Aceh, daerah istimewa dalam sejarah dan kesadaran kontemporer Indonesia, wilayah paling heroik sekaligus paling pahit dalam riwayat republik. Gelombang tsunami di penghujung 2004 hanyalah kepahitan baru yang mengguncangkan bukan hanya warga Tanah rencong yang disebut juga Serambi Mekkah ini. sejumlah nada pahit yang akarnya tertanam jauh sebelum kedatangan gelombang raya tsunami akan masih terasa di sekian tulisan yang disusun oleh anak-anak muda yang lahir dan tumbuh di Bumi Iskandar Muda ini. Bahkan mereka yang tak lahir di Aceh namun punya ikatan emosional - bertapapun halusnya - dengan rakyatnya,akan menghasilkan tulisan dengan nada getir yang adalah gaung dari carut marut penindasan dan pelanggaran hak asasi manusia.
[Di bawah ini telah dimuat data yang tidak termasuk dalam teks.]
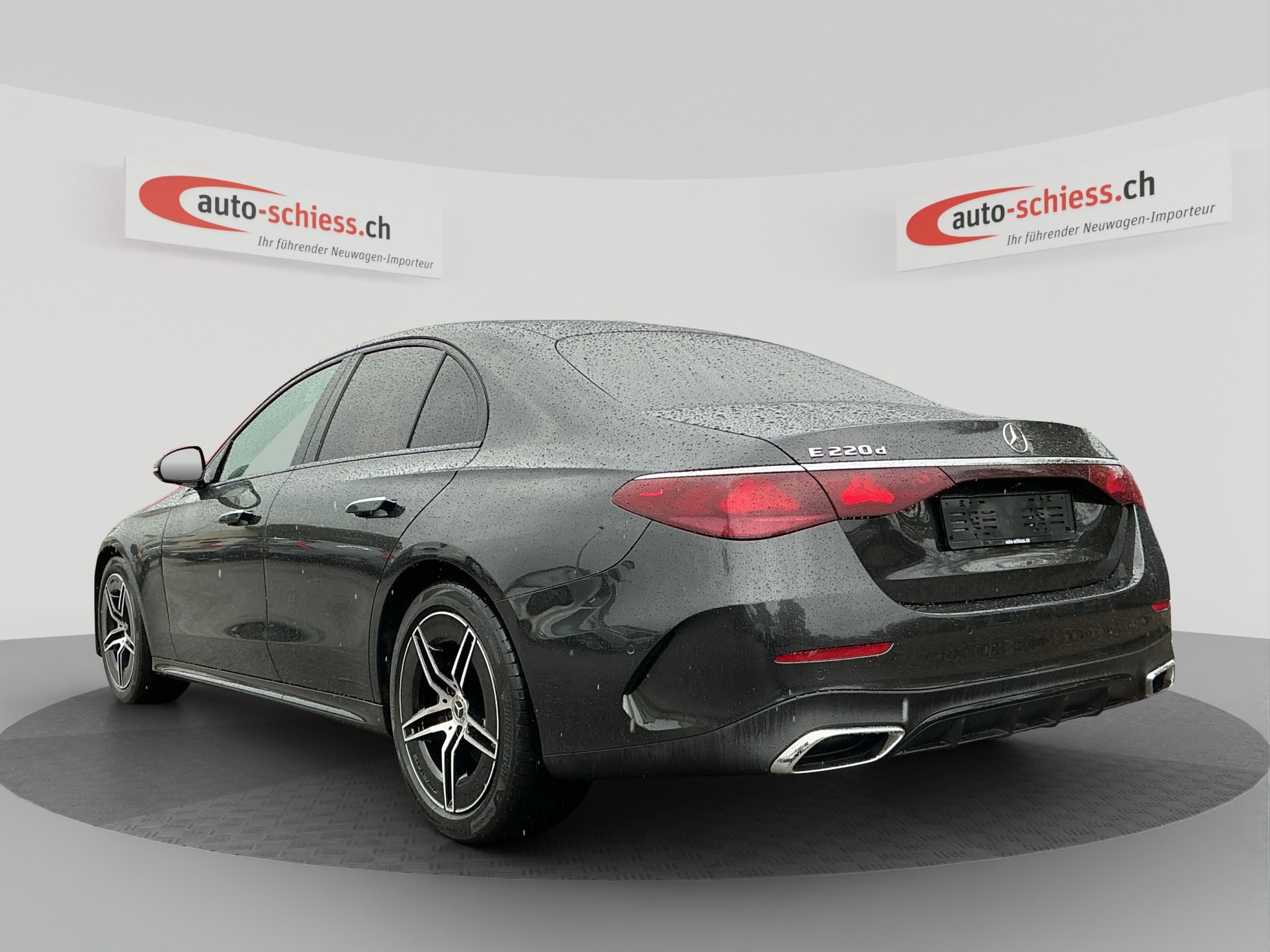 MERCEDES-BENZ E 220 d 4Matic 9G-Tronic-image-2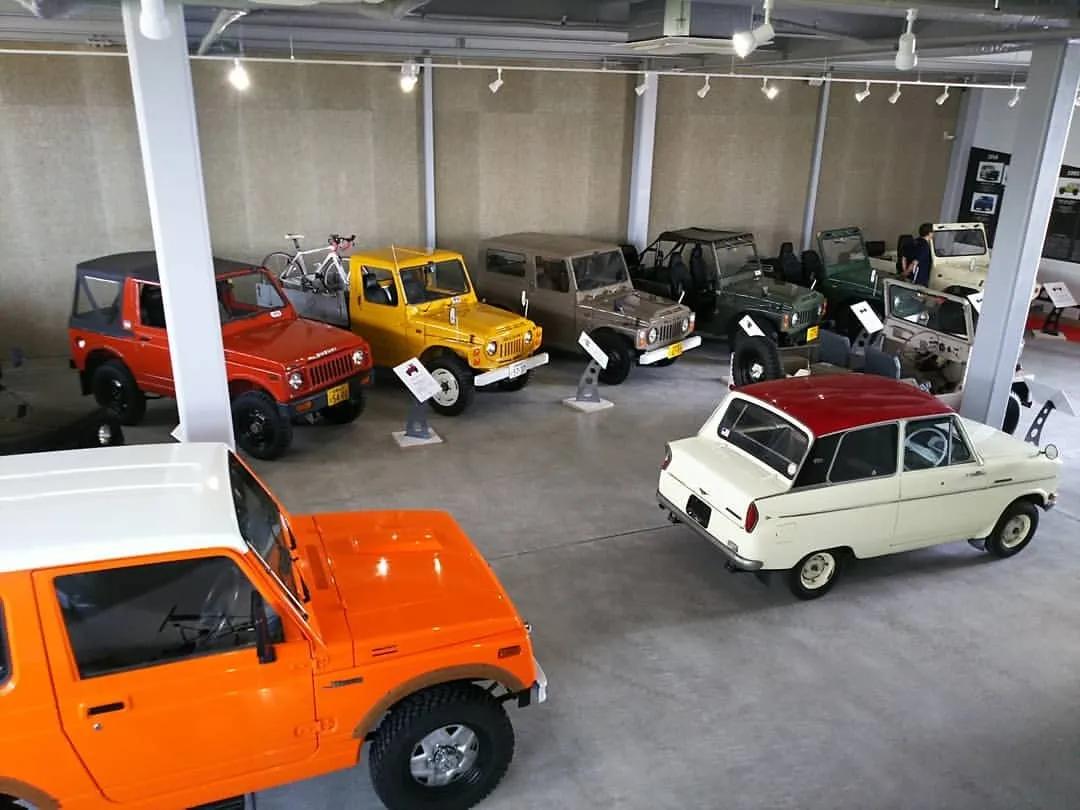 日本玩摩托车人手一辆,日本家庭一人工作养活一家人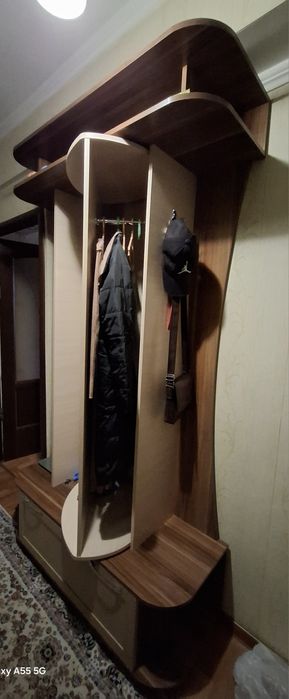 Продаю б/у шкаф для прихожки
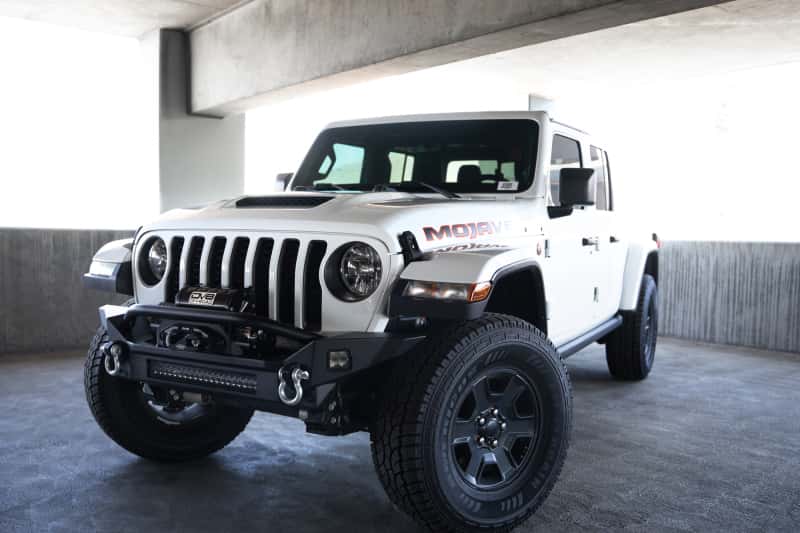 DV8 Offroad — DV8 Offroad 18-23 Jeep Wrangler JL / 20-23 Jeep Gladiator JT FS-7 Mid-Width Winch Front Bumper
Jeep FS-7 Front - view 9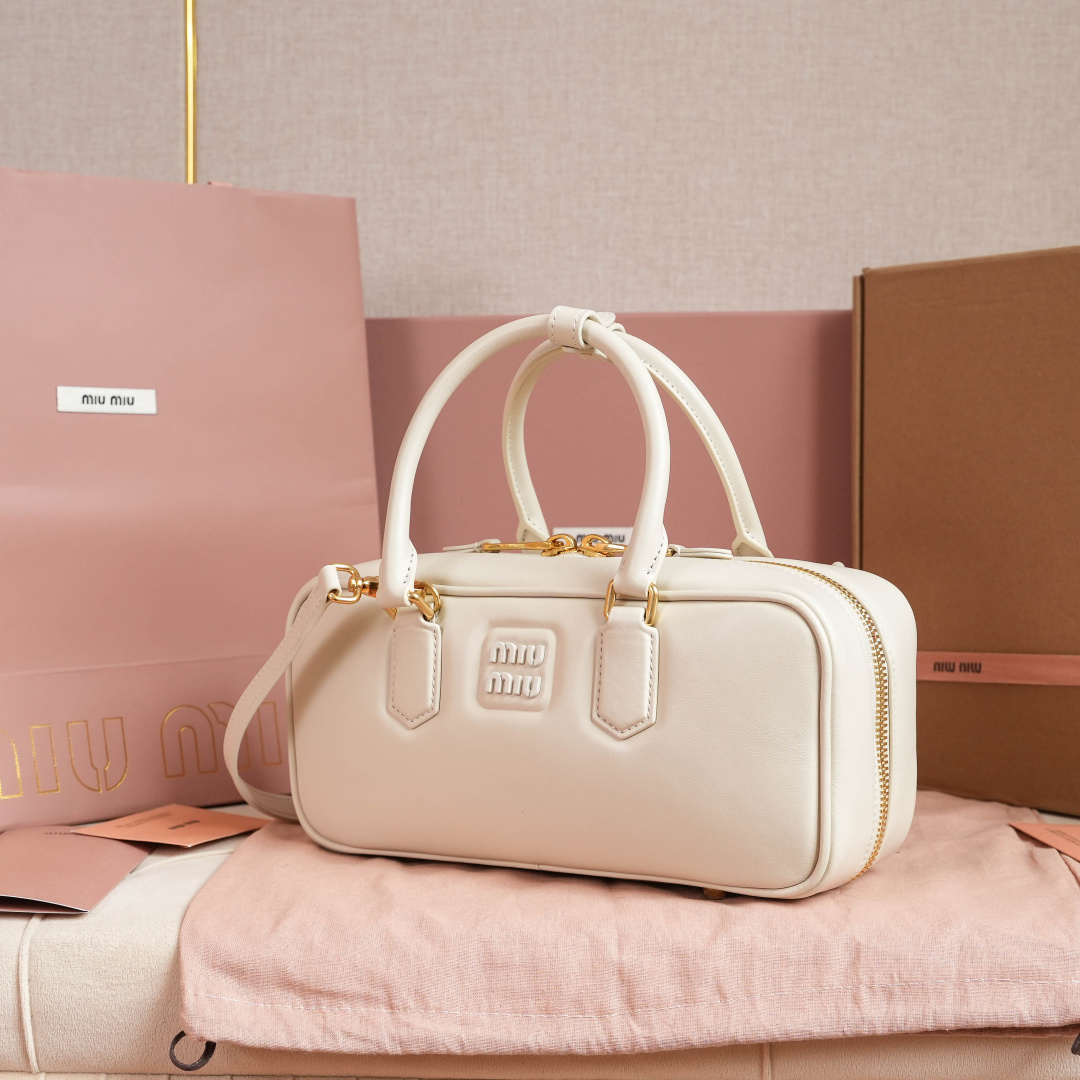 Miu Miu Style Leather Bag Lookbook Reference image 2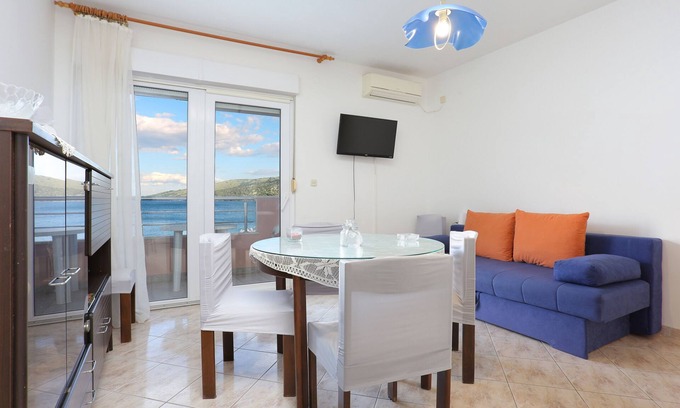 Poljica Apartamento | Apartamento para dos personas en la playa Poljica, Trogir (A-19316-a)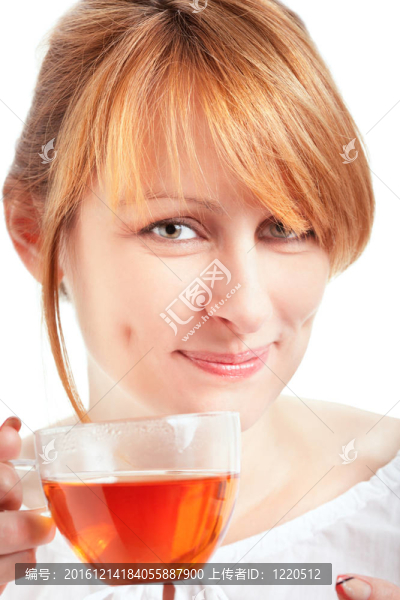 一杯茶的女人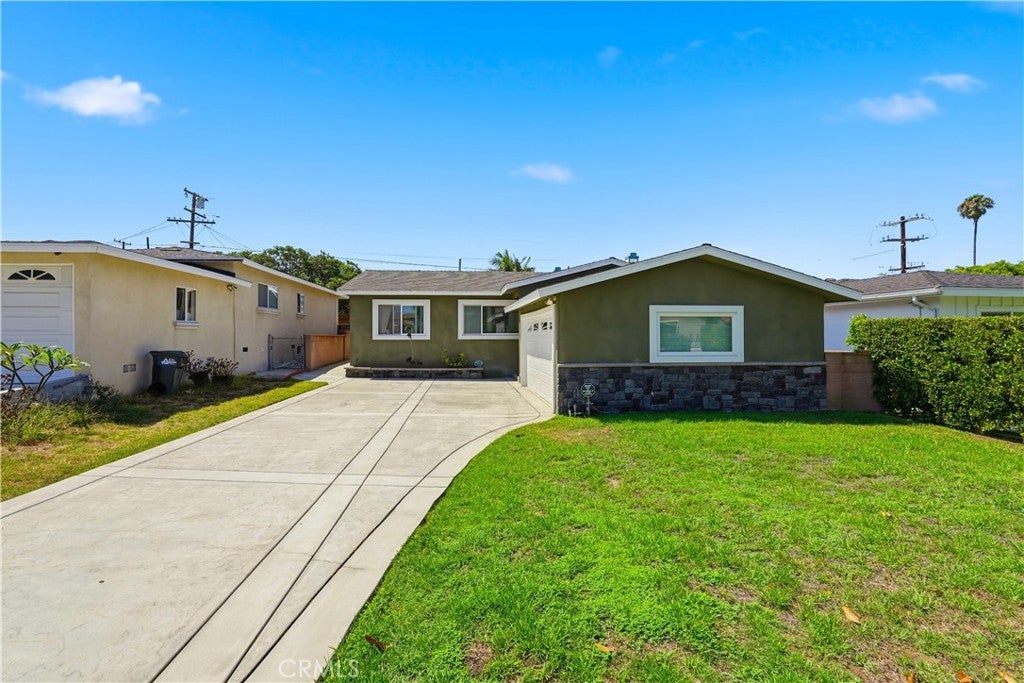2402 Robinson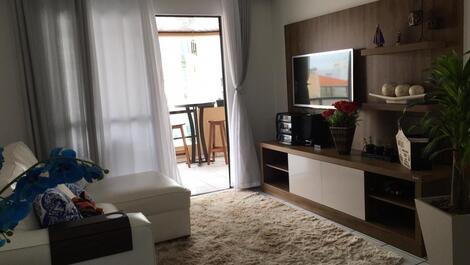 Sala com 2 ambientes com tv e wi-fi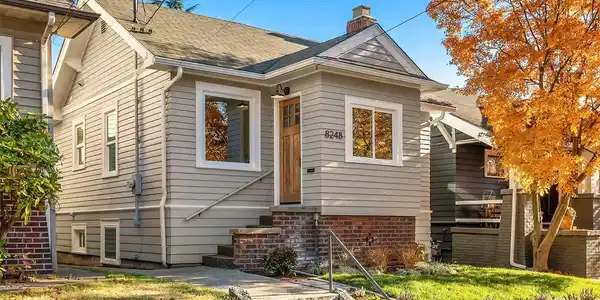 8248 15th NE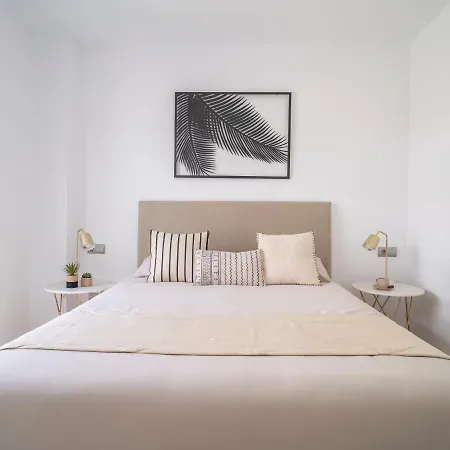 Stunning Vacation For Up To Eight With Balcony All Yours Λεμεσός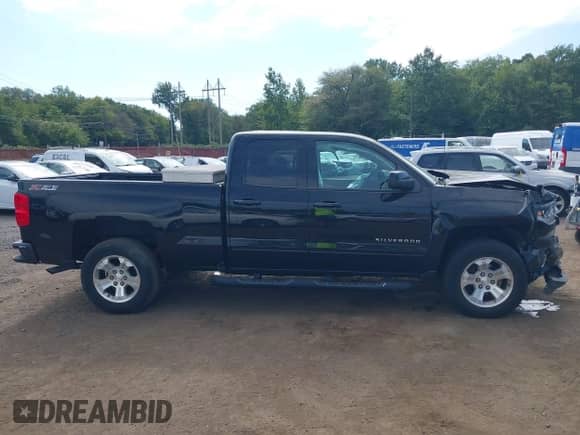 2017 Chevrolet Silverado 1500 LT with VIN 1GCVKREC1HZ339767, listed as a IAAI auction lot 43144752 with 115,896 mi miles and . Bid and sale history available at DreamBid. Image 13.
Azhari(penyair kelahiran Lamjamee yang kehilangan kedua orangtua dan semua saudara kandungnya),misalnya, dengan tajam menulis bagaimana penindasanan penaklukan beroperasi dengan metode yang begitu hebat. bahkan bunyi klakson mobilpun menjadi bagian dari penaklukan, dan melembagakan sebuah kebiasaan yang mengores dalam pemakaian ruas jalan.
Penaklukan, betapapun masifnya, akan melahirkan para pemberontaknya sendiri. Yang menarik dari kaum muda Aceh ini, merka memberontak bukan hanya terhadap keadaan yang menindas, juga pada dorongan naluriah untuk menumpuk dendam yang menyempitkan pikiran. Beberapa penulis bahkan bisa dengan jernih dan tajam melihat sejumlah kecendrungan yang punya potensi destruktif yang bersemayam dalam tubuh Aceh sendiri. Bagi Teuku Kemal fasya, Aceh memang bukan lagi sekedar sebuah etnik, melainkan imajinasi bergerak dari beberapa etnik yang mencoba menyatu dalam darah dan sejarah. Pengalaman pahit"bersama Indonesia" membuat kemungkinan pemisahan diri menjadi sesuatu yang terbuka. namun demikian, Teuku Kemal Fasya mengingatkan, kolonialisme baru yang bisa sangat represif dan fasistik, mungkin saja muncul dari nasionalisme Aceh yang bermula dari imajinasi yang bergerak itu.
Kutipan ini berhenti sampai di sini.